The European Commission mandated EIOPA to consider at least two approaches, either developing common rules to enable cross-border activity in the field of personal pension products (which is similar to the IORP Directive) or developing a 28th regime[1].

In the ‘European Commission White Paper on Adequate, Safe and Substantial Pensions’ issued in 2012, the single market was described as

a key instrument to support pension adequacy and fiscal sustainability. There is untapped potential to realise further efficiency gains through scale economies, risk diversification and innovation.”

Last February EIOPA set-up a Task Force on Personal Pensions which published a discussion paper requesting stakeholders’ feedback at the initial stages of consultation. Following the conclusion of the consultation, EIOPA will provide the European Commission with advice on the legislative changes required in the areas of prudential law and protection of personal pension plan holders.

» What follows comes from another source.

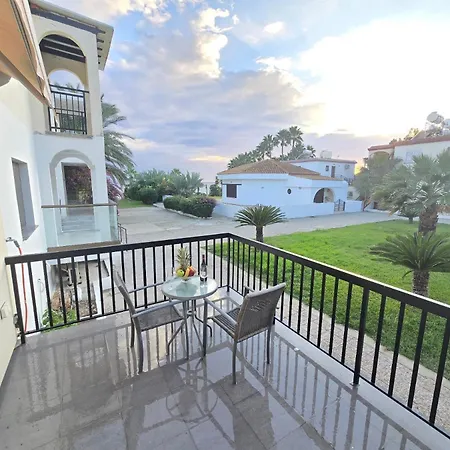 Seaside Escape Apartment Larnaca Exterior photo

The discussion paper focuses its analysis on the existing definitions of personal pension products and their main characteristics, as well as various ways for creating a single market for personal pension products. EIOPA mainly considered two approaches for the creation of a single market for personal pension products, these being passporting and the 28th regime.

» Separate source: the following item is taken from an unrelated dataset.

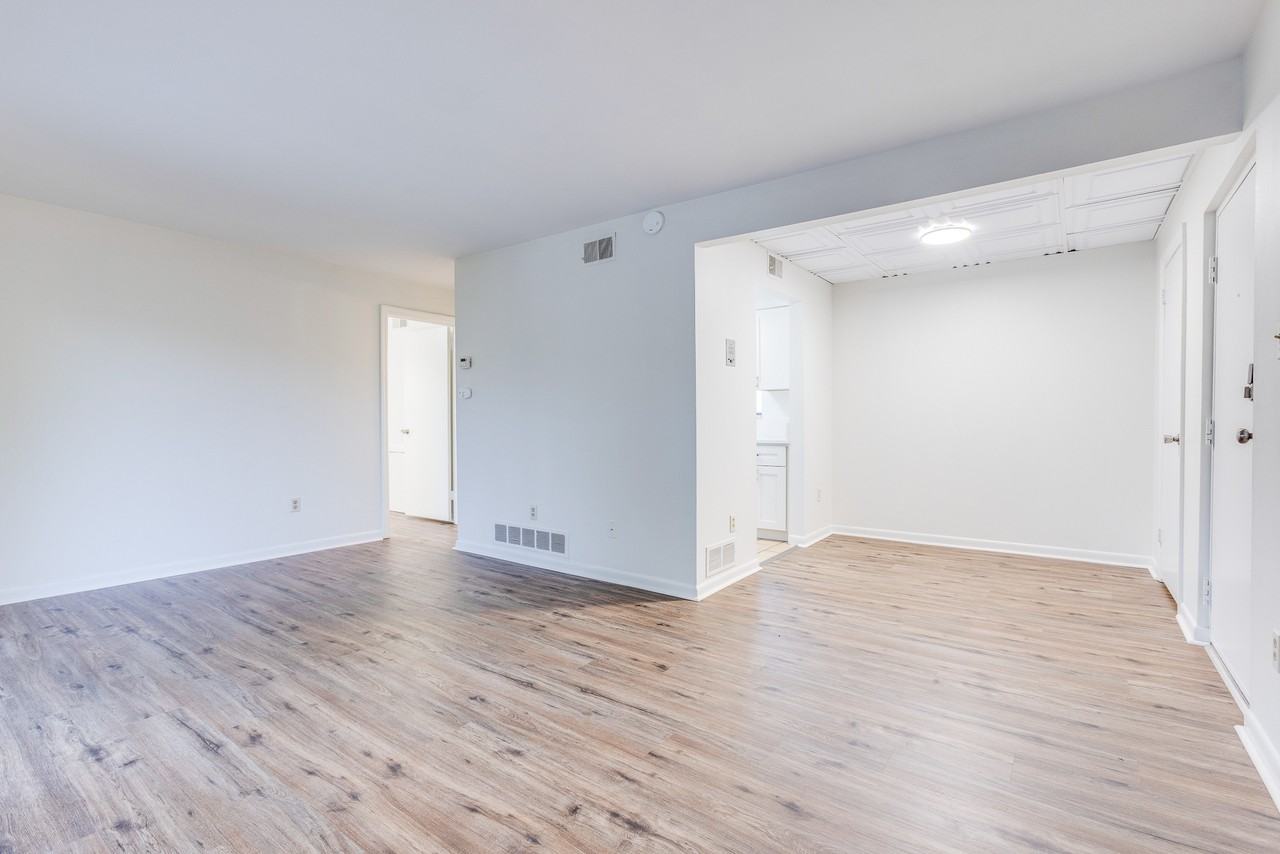 160 Glenn Street - Photo 6 of 17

According to the discussion paper, EIOPA understands that there should be no major prudential obstacles for pure defined contribution personal pension products. Difficulty will arise in the case of defined benefit products and defined contribution guarantees. The discussion paper also analyses obstacles that may arise in the area of taxation. EIOPA has expressed its concern in relation to taxation regimes since differences in tax regimes among the various Member States may lead to double taxation of retirement capital. Nevertheless, EIOPA deems that such obstacles have, in recent years, been diminished especially since Members States have changed their national tax legislation by extending domestic tax relief to foreign providers, as a result of the adoption of the Commission’s Pension Taxation Communication ‘The elimination of tax obstacles to the cross-border provision of occupational pensions’.

EIOPA considers the 28th regime as an alternative or parallel framework to passporting, facilitating further the development of a single market for personal pension products. In the discussion paper, EIOPA has recommended that this 28th regime should be designed in a way that accommodates tax and other possible differences among Member States. In EIOPA’s view the 28th regime could enable transferability of accumulated capital and highly standardised product rules ensuring a high level of protection for personal pension product holders.

The discussion paper also takes into consideration the protection of personal pension product holders with the proposal of a possible framework for the protection of personal pension product holders, such as transparency, distribution and selling practices, professional requirements and product regulation. The suggestions put forward by EIOPA are built, to a certain extent, on PRIPs and on the on-going work on the revision work on the revision of the IORP directive.

Interested parties are invited to participate in this discussion paper and contribute any insights and submit their comments by 16th August 2013.

The discussion paper can be accessed by clicking here.


[1] The 28th regime may be defined as rules which do not replace national rules but are an optional alternative to them. It is referred to as the 28th regime in order to signal that it exists in parallel to legal regimes in the 27 EU Member States.